» Blog » Honor i Krew - entuzjastycznie
02-06-2011 15:38

Honor i Krew - entuzjastycznie

W działach: Portal, FATE, Honor i Krew | Odsłony: 7

Honor i Krew - entuzjastycznie
[Jeśli podobał ci się tekst, zobacz inne na Bałaganie - blogu o RPG i fantastyce]

Właśnie przeczytałem obszerną zapowiedź nowej gry RPG, która ma się ukazać nakładem Wydawnictwa Portal. Tak – chodzi o Honor i krew Johna Wicka. Powiem wam jedno – mógłbym już Trzewikowi wysłać kasę, bo nie mogę się doczekać wydania!

Początek może trochę zbyt entuzjastyczny, ale uwierzcie – to pierwsza gra z portalowej serii indie na którą autentycznie czekam. Pozostałe to naprawdę dobre gry i nawet mam je na półce ale nie zapowiada się na to, że uda mi się w nie zagrać w najbliższym czasie. Mam za to nadzieję, że zupełnie inaczej będzie z H&K.
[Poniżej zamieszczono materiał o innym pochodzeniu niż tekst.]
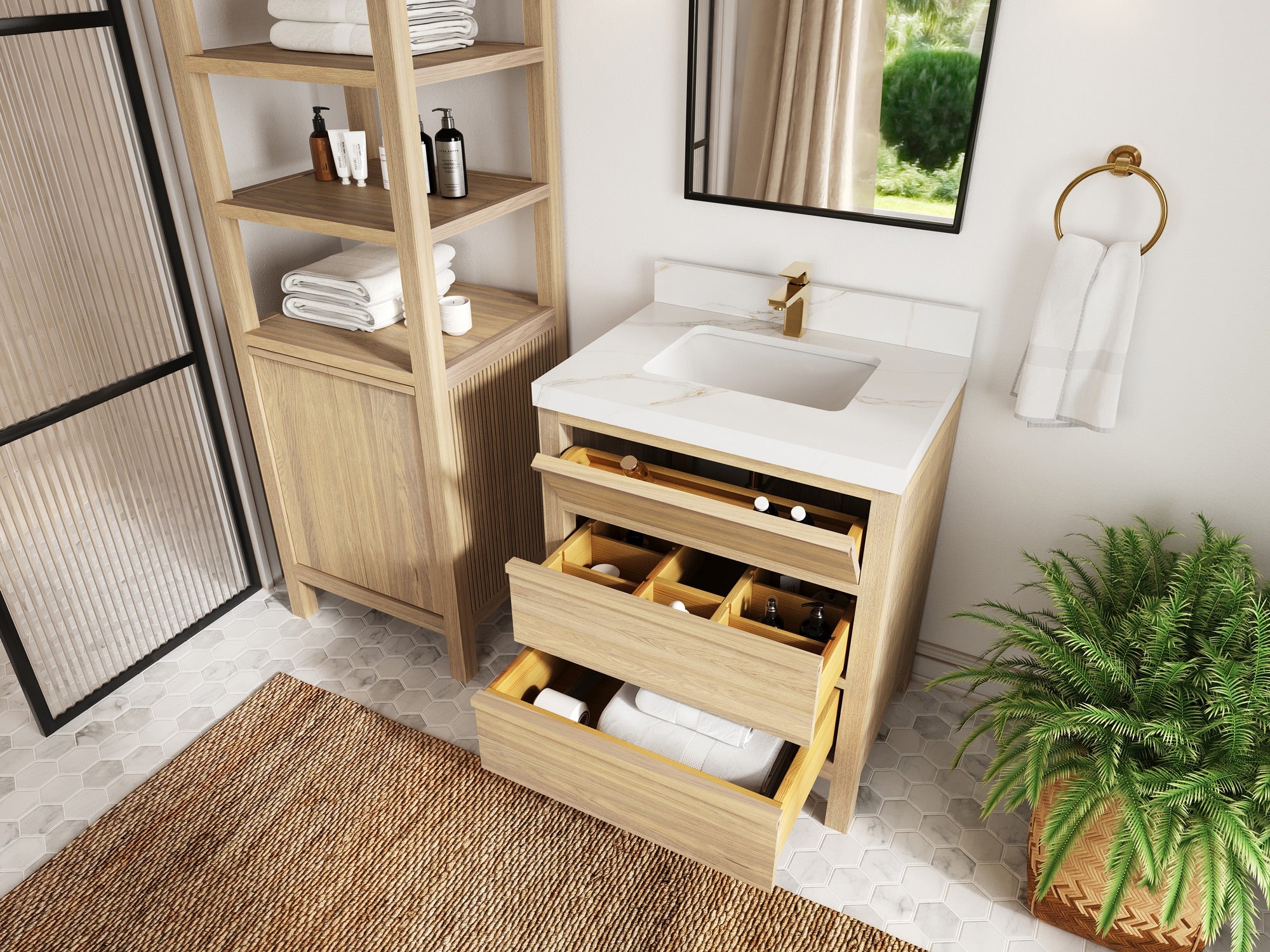Elizabeth White Oak 30 in. W x 22 in. D Single Sink Bathroom Vanity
To skąd ten entuzjazm? Nowa gra o samurajach jest oparta na osławionym Houses of the Blooded, którego zawsze chciałem poznać a nigdy nie miałem okazji/czasu/pieniędzy. Mam nadzieję, że będzie dobrą motywacją do spróbowania gry. Swoją drogą - ktoś wie czy dałoby się tych zasad użyć do L5K?

Dodatkowo każdy, kto wchodzi od czas do czasu na Bałagan zauważył moją fascynację systemem FATE. H&K podobnie jak HotB czerpie odrobinę z tego systemu więc absolutnie nie może go zabraknąć na mojej półce. Szkoda tylko, że tłumacz H&K nie widział moich prób ujednolicenia terminologii – uniknęlibyśmy wtedy różnych nazw na jedną rzecz (ja zachęcałem do tłumaczenia invoke an aspect jako przywołanie aspektu, w artykule z GP jest odwoływanie się). Jakoś to przeżyję.

No to chłopaki z Portala do roboty bo czekam. A! I nie zapomnijcie jeszcze o Monastyrze 2.0 – jego też się nie mogę doczekać!

Wszystkich, którzy nie wiedzą o czym jest ten cały system zapraszam do czytania zapowiedzi w nowym Gwiezdnym Piracie.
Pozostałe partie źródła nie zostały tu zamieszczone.